Retirees and other beneficiaries in Greece, exceeding two million, will see a so-called "13th pension" in their bank accounts by Friday, more than a week after Greek Prime Minister Alexis Tsipras made an unscheduled televised announcement of the specific bonus, along with modest tax breaks and VAT reductions.
The maximum payout is 500 euros per beneficiary, and a minimum of 150 euros for so-called "high-income" pensioners (exceeding 1,000 euros), i.e. those with the most work years and social security contributions.
The partial restoration of the "13 pension" comes two weeks before the European Parliament elections, which all mainstream opinion polls show Tsipras and his hard left SYRIZA party trailing main opposition New Democracy (ND) by high single-digit to low double-digit percentage points.

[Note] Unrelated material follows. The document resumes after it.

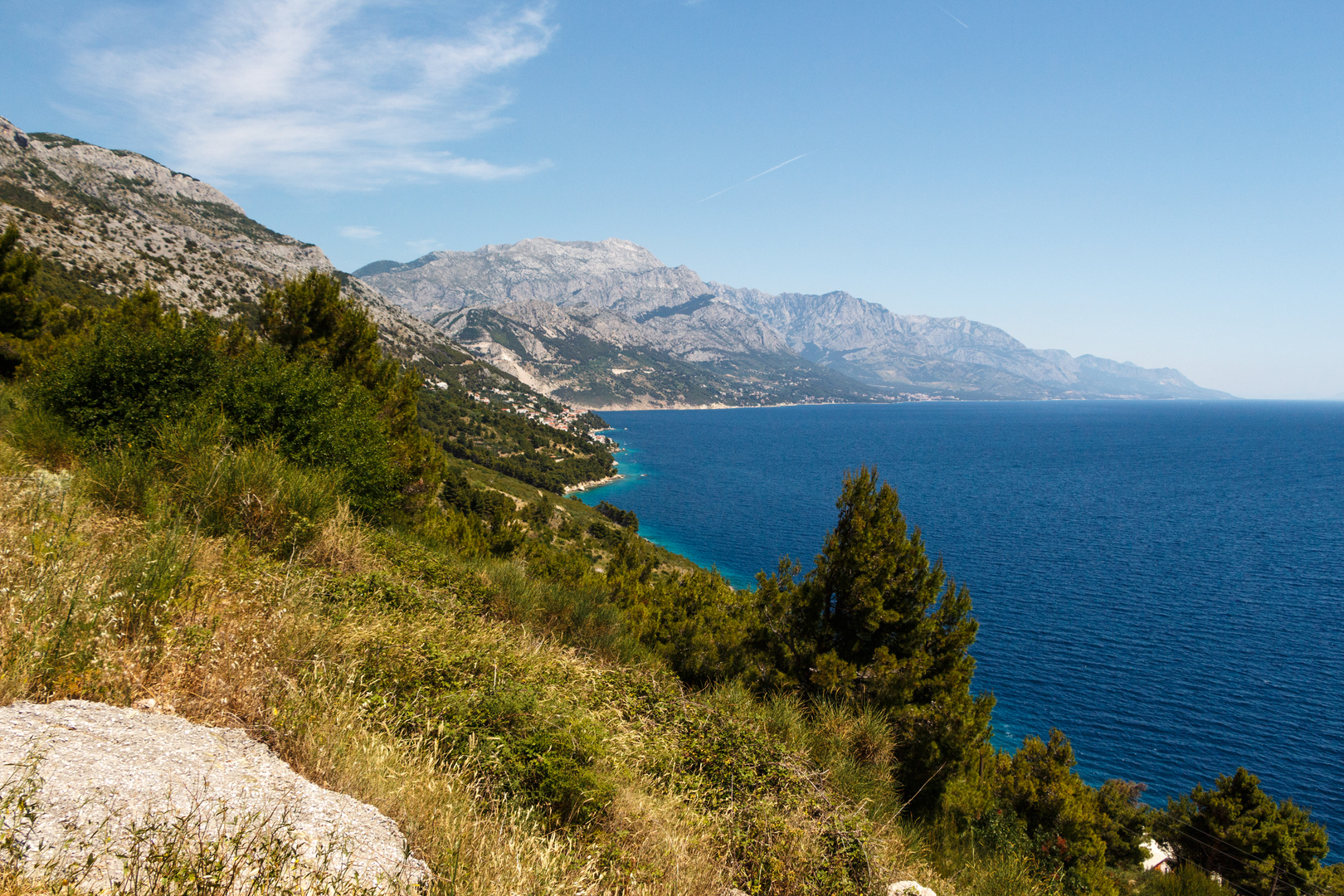 Küstenzug der Makarska Riviera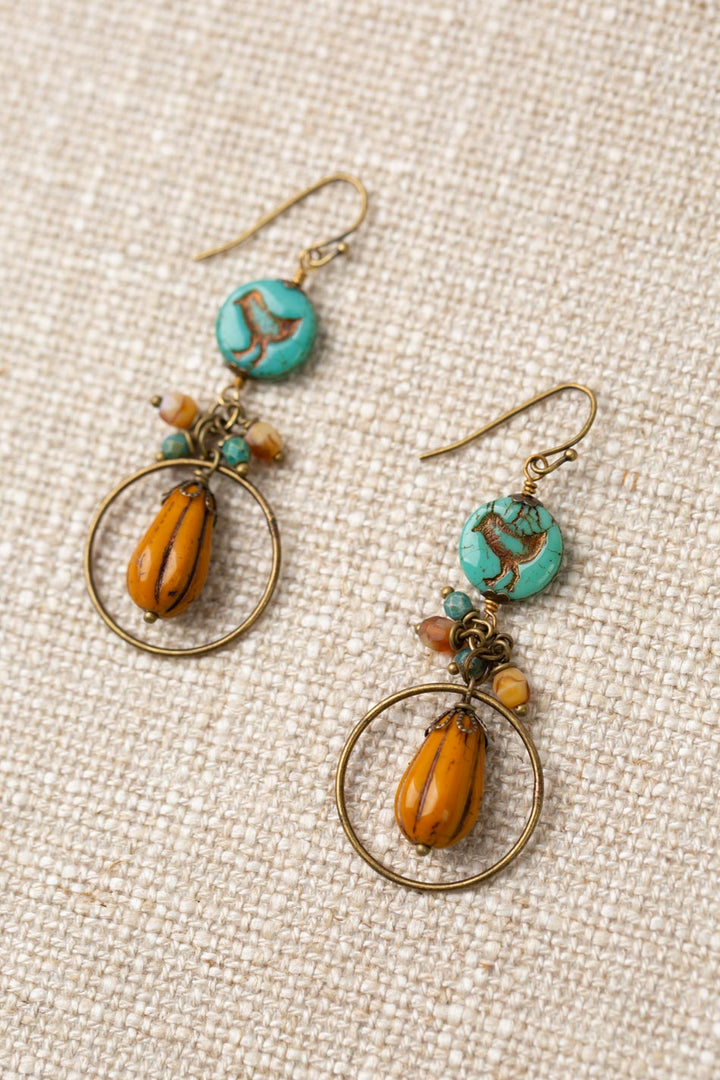 Czech Glass Earrings – Anne Vaughan Designs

The political opposition sharply attacked the abruptly announced measures as nothing more than "campaign trinkets" ahead of the ballot box, although most MPs in parliament voted in favor of the measures, regardless of party affiliation.
European and Eurozone partners, however, who are not up for election in Greece, on Thursday expressed concerns, reservations and outright opposition to the measures - following a Eurogroup meeting in Brussels. The criticism mostly centered on the risk that increased spending and loss of revenue entails for primary budget surplus targets that Athens is committed to meeting until 2022.
Just as noteworthy is the fact that the finance ministry on Friday announced that practically all pensions and welfare benefits for May will be paid in the country by next Friday, May 26, just two days ahead of the European Parliament poll.